Linn Energy (LINE) shares dropped nearly 4% on Tuesday as Jim Cramer sold his position in the upstream master limited partnership ("MLP"). He also recommended investors rotate out of LINE and into Kinder Morgan Energy Partners (NYSE:KMP), which has underperformed lately (details available here). The drop in LINE also pushed LinnCo (LNCO) down over 3%. LinnCo is an LLC that solely owns LINE units and functions as a tracking stock for investors who prefer not to deal with K-1's when they file taxes. Should investors follow Cramer's recommendation or stick with LINE and its 9% yield?
Over the past twelve months, Linn Energy has been one of the most hotly debated stocks in the market. Kevin Kaiser and Barron's have been the leading voices on the bear side, raising concerns about maintenance cap-ex accounting and the efficacy of the capital program. Mr. Kaiser's research also played a role in the SEC's inquiry into Linn's accounting, though no actions were taken against the firm. Last year, Linn also completed its acquisition of Berry Petroleum, though it did raise its offer by 34% during the year. By paying more for Berry, the deal is appreciable less accretive.
In 2014, Linn expects to grow production by 34% to 1070-1140 MMcfe/d (guidance and financial data available here). Thanks to the Berry deal which resulted in the issuance of 94 million units, Linn's unit count is up 40% year over year. In other words, production per unit will decline in 2014, though it will be tilted more towards oil, which is positive. Similarly, proved reserves are up 34% to 6.4 Tcfe, which also lags the unit count. Under the original terms of the deal, Linn would only have increased its unit count by 30%. Berry was touted as a transformational acquisition, but it looks like Linn overpaid. It is no wonder bulls are exiting the stock.
There is further evidence Linn overpays for production growth as it was forced to take an impairment of $790 million last quarter on assets that cost $1.8 billion, meaning Linn paid nearly twice what they were worth. Linn has been focusing on growing production primarily and in its quest to do so has been unafraid to pay high prices. If energy prices rise dramatically, these deals may prove accretive, but in the current environment, they look like losers. Linn's deal-making is having a dilutive impact on unitholder value.

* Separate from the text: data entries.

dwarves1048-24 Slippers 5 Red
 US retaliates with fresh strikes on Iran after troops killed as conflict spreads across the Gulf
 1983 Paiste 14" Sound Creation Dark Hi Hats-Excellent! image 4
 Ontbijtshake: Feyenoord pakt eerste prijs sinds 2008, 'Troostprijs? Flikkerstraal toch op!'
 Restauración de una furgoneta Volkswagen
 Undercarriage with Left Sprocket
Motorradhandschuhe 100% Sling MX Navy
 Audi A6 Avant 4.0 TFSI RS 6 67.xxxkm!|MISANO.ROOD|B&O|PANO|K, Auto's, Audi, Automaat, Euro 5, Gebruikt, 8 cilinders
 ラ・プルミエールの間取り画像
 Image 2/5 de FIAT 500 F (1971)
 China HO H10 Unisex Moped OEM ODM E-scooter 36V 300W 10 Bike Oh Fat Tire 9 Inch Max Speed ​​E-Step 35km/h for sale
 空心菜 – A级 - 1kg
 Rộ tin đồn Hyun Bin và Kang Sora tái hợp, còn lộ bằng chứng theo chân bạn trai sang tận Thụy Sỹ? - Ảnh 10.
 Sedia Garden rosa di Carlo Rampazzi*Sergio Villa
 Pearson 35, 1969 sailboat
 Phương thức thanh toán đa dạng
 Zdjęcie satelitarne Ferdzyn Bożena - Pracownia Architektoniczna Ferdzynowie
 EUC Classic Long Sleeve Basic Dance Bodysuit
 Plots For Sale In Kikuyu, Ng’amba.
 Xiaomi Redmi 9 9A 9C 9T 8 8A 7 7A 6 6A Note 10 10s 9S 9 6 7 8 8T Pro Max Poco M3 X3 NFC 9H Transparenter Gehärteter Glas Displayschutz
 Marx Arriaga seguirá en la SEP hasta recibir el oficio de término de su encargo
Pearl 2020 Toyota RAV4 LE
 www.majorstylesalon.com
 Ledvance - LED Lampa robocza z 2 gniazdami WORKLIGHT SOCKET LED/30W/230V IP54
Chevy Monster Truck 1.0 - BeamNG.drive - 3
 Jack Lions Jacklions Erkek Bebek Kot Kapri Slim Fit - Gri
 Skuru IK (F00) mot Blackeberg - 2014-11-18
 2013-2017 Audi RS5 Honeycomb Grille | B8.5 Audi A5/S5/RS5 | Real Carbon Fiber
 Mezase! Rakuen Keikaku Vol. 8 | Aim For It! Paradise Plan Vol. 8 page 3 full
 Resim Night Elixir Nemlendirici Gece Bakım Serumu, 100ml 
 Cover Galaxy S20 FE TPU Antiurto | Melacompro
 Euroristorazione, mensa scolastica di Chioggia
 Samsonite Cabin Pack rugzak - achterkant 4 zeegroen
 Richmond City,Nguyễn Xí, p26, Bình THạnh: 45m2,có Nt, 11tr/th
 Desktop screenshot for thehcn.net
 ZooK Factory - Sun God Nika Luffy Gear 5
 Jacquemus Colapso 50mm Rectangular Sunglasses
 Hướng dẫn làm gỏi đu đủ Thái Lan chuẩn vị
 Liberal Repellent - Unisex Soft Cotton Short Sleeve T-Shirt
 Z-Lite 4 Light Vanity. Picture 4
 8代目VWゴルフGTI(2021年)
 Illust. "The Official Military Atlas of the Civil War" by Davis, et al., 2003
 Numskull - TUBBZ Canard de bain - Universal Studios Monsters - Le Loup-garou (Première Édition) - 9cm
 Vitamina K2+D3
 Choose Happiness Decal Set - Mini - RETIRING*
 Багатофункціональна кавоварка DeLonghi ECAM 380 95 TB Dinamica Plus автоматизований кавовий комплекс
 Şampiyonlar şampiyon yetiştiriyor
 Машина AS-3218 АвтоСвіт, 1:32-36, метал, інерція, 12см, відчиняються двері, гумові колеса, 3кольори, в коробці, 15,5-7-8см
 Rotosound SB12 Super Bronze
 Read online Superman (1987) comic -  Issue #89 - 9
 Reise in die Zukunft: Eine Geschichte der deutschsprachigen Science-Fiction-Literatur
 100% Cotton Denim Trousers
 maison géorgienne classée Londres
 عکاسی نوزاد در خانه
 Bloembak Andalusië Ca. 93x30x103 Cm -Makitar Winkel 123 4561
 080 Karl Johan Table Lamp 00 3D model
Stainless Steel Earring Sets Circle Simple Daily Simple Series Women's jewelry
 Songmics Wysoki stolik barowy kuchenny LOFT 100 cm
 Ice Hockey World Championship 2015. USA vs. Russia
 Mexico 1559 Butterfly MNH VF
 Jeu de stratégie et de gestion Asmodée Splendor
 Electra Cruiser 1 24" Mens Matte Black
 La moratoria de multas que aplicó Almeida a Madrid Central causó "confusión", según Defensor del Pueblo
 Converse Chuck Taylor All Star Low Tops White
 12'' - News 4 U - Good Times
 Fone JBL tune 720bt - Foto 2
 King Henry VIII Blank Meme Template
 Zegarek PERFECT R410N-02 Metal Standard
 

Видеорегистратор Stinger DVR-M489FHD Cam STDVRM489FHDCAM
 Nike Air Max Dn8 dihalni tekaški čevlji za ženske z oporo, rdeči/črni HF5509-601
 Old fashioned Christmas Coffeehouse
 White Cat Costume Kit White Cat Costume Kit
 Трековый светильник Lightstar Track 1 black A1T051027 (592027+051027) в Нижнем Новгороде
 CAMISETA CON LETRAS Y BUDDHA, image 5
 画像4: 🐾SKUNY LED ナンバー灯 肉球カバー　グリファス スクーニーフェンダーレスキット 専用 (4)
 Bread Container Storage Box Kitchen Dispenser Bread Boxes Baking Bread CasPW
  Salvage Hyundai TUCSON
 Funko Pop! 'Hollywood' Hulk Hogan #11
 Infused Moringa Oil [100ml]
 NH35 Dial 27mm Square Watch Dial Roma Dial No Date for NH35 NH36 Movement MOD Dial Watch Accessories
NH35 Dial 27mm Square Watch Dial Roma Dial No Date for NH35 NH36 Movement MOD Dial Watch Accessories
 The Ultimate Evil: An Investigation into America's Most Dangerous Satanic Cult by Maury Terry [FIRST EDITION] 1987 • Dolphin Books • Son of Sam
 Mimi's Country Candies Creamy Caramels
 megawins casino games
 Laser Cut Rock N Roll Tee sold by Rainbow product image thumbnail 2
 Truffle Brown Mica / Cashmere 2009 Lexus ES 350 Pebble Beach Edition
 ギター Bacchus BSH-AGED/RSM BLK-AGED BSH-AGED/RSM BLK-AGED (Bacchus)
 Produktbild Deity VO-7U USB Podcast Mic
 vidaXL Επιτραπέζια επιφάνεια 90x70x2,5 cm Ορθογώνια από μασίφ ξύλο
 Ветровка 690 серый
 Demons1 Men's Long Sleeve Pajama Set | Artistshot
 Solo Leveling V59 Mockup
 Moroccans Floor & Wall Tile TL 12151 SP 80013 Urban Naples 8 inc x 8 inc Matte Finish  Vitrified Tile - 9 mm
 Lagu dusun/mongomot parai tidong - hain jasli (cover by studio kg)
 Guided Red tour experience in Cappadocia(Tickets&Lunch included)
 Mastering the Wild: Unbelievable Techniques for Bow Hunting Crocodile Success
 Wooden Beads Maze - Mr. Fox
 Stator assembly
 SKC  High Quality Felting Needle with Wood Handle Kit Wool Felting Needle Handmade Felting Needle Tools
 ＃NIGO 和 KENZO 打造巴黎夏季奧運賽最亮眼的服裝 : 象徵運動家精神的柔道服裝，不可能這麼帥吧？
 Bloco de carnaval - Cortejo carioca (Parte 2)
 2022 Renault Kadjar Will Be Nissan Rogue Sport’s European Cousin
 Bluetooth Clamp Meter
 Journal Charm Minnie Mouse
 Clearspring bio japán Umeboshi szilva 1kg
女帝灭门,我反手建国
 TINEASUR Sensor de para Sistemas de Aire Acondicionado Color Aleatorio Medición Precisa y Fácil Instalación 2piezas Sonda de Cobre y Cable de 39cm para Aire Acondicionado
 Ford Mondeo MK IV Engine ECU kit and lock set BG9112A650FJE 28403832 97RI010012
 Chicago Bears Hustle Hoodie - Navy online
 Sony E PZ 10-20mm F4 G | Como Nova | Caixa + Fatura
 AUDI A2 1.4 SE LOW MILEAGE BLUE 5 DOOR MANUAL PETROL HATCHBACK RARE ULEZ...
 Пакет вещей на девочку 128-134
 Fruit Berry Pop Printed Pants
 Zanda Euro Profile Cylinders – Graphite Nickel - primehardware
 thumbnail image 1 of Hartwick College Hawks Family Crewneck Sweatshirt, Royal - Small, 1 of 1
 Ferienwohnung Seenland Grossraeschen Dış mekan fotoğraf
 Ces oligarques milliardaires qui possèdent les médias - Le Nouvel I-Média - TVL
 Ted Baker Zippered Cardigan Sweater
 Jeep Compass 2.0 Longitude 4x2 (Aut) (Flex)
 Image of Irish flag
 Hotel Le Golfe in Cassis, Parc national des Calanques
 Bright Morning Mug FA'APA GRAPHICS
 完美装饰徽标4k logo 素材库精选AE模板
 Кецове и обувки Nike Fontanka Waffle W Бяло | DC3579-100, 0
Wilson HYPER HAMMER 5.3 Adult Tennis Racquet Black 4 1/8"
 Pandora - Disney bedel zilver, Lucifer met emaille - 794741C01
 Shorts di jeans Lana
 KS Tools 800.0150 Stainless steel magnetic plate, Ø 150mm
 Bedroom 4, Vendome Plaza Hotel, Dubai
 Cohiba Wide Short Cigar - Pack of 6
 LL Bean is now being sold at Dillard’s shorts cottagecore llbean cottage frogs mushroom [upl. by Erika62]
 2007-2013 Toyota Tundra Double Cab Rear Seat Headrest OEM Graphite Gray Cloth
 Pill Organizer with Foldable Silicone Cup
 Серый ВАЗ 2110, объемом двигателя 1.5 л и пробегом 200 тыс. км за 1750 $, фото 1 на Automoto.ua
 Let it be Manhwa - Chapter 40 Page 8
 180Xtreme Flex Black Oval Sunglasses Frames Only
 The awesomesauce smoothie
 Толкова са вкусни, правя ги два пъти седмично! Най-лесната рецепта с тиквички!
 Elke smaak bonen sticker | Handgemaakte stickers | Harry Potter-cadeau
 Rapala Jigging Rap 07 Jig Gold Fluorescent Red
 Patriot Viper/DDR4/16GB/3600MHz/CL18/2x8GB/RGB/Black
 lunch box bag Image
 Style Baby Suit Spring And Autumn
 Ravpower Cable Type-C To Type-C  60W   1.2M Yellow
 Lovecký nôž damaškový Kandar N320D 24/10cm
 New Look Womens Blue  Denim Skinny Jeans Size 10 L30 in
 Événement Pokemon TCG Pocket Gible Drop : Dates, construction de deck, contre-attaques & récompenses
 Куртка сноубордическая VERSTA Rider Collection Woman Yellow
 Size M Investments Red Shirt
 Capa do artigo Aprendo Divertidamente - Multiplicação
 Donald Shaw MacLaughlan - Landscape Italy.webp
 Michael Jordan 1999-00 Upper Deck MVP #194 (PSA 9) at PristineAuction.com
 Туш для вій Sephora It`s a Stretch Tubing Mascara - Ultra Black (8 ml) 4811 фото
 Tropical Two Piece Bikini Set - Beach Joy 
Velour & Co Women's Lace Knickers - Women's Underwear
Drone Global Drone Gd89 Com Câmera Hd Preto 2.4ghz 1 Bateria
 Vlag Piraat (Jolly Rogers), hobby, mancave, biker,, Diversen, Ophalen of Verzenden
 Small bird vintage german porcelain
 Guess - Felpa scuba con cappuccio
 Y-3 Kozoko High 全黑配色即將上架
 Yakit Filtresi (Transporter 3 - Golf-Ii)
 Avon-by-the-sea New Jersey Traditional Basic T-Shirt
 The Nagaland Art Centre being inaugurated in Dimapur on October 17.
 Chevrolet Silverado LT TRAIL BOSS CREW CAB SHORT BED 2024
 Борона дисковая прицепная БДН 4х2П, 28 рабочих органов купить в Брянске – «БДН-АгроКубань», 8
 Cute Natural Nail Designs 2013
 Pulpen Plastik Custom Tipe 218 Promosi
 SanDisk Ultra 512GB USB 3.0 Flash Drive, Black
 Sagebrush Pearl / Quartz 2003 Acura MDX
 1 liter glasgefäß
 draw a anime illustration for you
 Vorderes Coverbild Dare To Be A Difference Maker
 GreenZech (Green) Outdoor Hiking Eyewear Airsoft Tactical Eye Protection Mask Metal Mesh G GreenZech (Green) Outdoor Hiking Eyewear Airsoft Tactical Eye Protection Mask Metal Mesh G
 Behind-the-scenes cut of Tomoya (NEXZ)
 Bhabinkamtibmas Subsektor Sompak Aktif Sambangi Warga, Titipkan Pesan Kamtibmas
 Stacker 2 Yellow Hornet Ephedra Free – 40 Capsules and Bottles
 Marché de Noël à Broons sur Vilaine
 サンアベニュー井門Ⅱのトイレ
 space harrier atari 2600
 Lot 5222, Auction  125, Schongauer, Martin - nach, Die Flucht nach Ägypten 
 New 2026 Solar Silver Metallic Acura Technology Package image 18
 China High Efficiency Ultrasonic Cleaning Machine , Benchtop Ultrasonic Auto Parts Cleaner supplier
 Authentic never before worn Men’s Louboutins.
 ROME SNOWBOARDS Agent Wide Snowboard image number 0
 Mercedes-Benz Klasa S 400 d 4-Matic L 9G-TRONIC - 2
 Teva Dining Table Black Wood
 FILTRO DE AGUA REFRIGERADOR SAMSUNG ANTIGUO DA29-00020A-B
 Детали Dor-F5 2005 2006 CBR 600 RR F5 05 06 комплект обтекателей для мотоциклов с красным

Based on its guidance, Linn will also be unable to increase its distribution beyond $2.90 this year. The company will generate about $2.93 of distributable cash flow, so it has little margin for error and cannot sustain an increase to the distribution. Given the Berry deal, I also do not expect room for much, if any, growth in 2015. MLPs are owned primarily for their yield, and without an increase to the distribution, there is no clear catalyst to push LINE higher especially as its non-Berry assets will not generate appreciable production growth in 2014.
After a strategic error with the Berry deal and lackluster distribution coverage, it makes sense for the bulls to rethink their thesis. 2014's production growth is driven by an acquisition and not organic factors, which gives credence to criticisms of the capital program. Distribution growth in 2014 is exceedingly unlikely, and unless production results improve, investors should not expect an increase in 2015 while rising interest and maintenance expenses create downside risk. While Linn's 9% yield is certainly enticing, investors should look elsewhere.
Kinder Morgan offers a 7% yield that is growing 5% annually, and it has $14 billion of growth projects under development (financial and operating data available here). As a pipeline operator, it is also far less exposed to commodity prices than Linn is. While the current yield is lower, future distribution growth will be superior. Investors would be wise to follow Cramer's advice. With no distribution growth, there is no catalyst for LINE to move higher. Investors in LINE and LNCO should sell and rotate into other MLPs like KMP.
Disclosure: I am long KMP. I wrote this article myself, and it expresses my own opinions. I am not receiving compensation for it (other than from Seeking Alpha). I have no business relationship with any company whose stock is mentioned in this article.